→ Entries shown:
= Beginning of Section =

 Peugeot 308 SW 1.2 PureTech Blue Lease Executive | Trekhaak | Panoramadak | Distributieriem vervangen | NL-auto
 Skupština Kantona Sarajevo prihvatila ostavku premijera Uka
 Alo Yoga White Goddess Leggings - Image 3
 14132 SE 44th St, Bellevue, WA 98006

= End of Section =
= Beginning of Section =

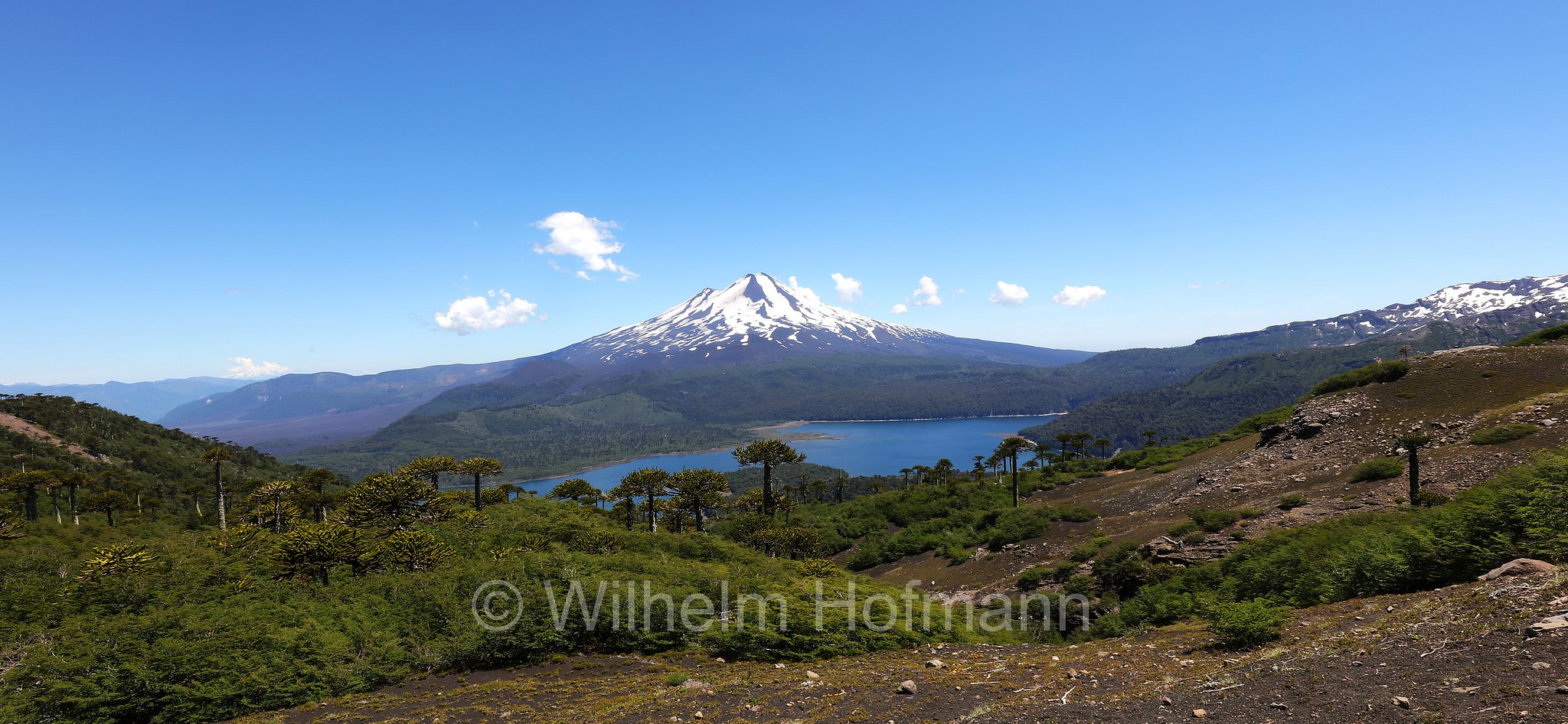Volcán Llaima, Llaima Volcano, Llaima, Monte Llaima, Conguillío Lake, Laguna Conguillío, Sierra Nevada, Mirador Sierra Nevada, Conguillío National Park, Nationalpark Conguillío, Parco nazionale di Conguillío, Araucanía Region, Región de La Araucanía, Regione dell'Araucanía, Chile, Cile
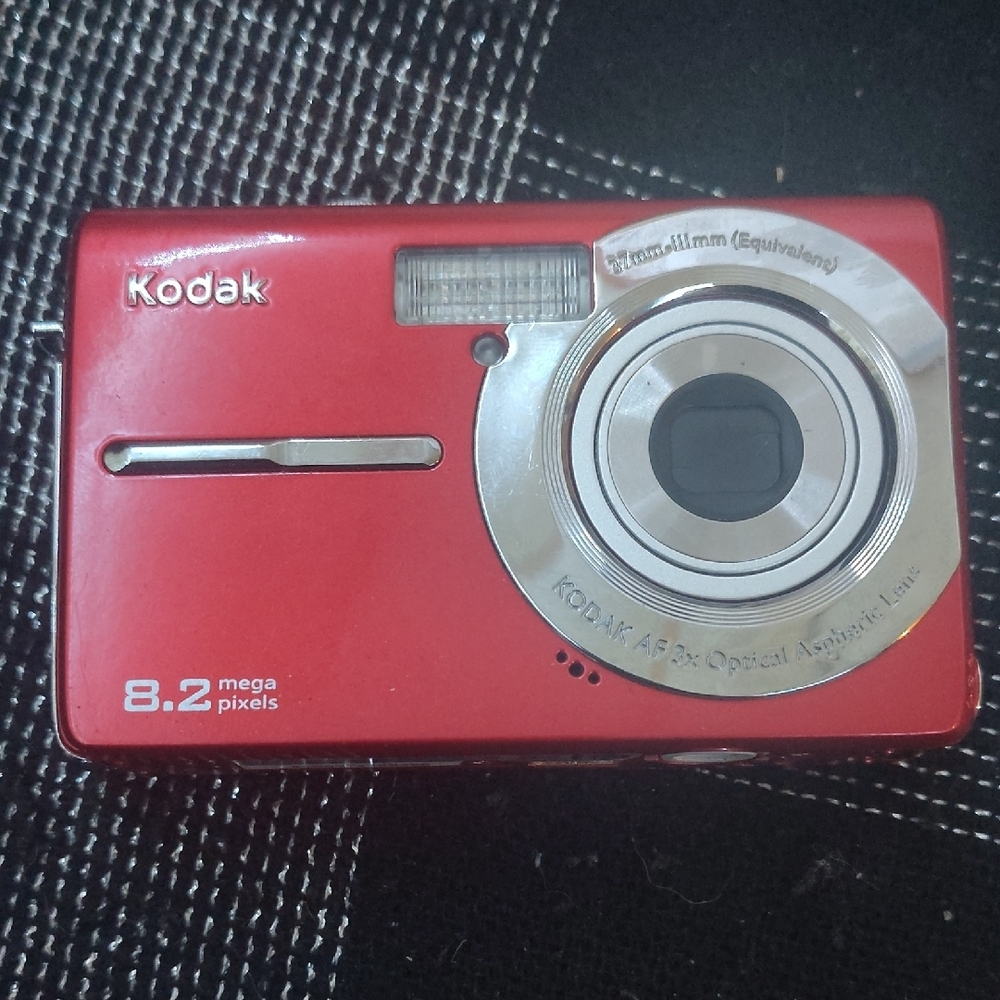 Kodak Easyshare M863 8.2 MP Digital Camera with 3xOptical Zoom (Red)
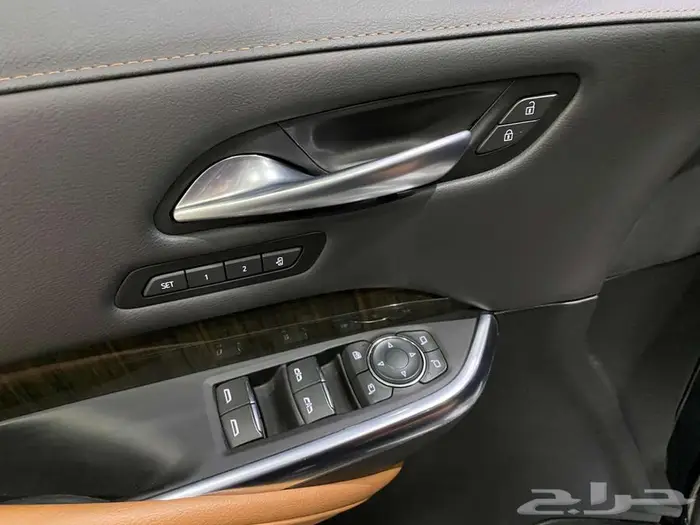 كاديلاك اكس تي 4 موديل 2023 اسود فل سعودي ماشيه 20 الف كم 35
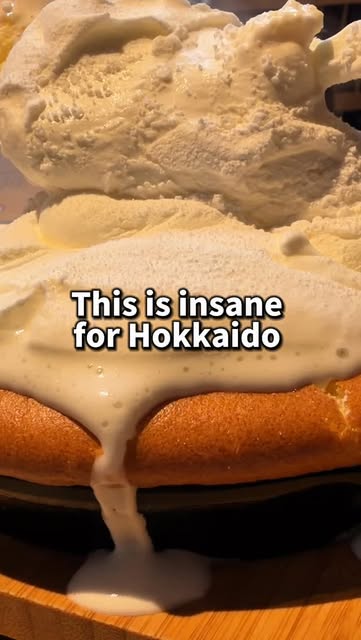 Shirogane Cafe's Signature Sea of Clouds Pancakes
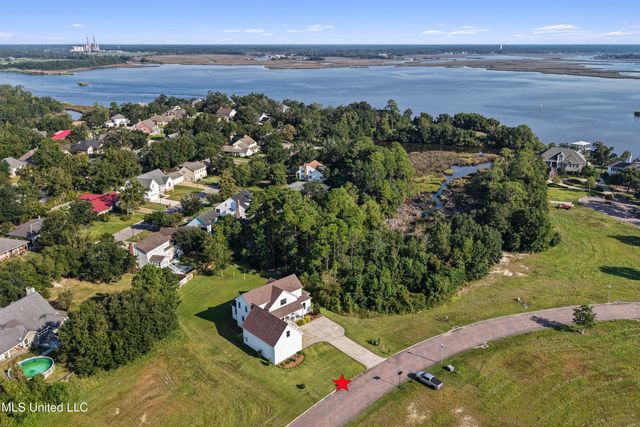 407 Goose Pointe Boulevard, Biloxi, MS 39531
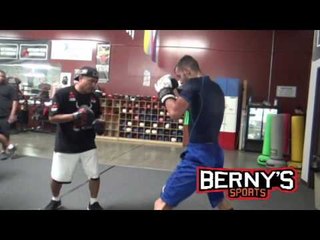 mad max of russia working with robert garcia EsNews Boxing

= End of Section =

→ Task brief: Reproduce exactly the lines above starting at the line containing "Shirogane Cafe's Signature" and ending at the line containing "mad max of russia", including both, but not the pictures.

→ Reply to the task:
 Shirogane Cafe's Signature Sea of Clouds Pancakes
 407 Goose Pointe Boulevard, Biloxi, MS 39531
 mad max of russia working with robert garcia EsNews Boxing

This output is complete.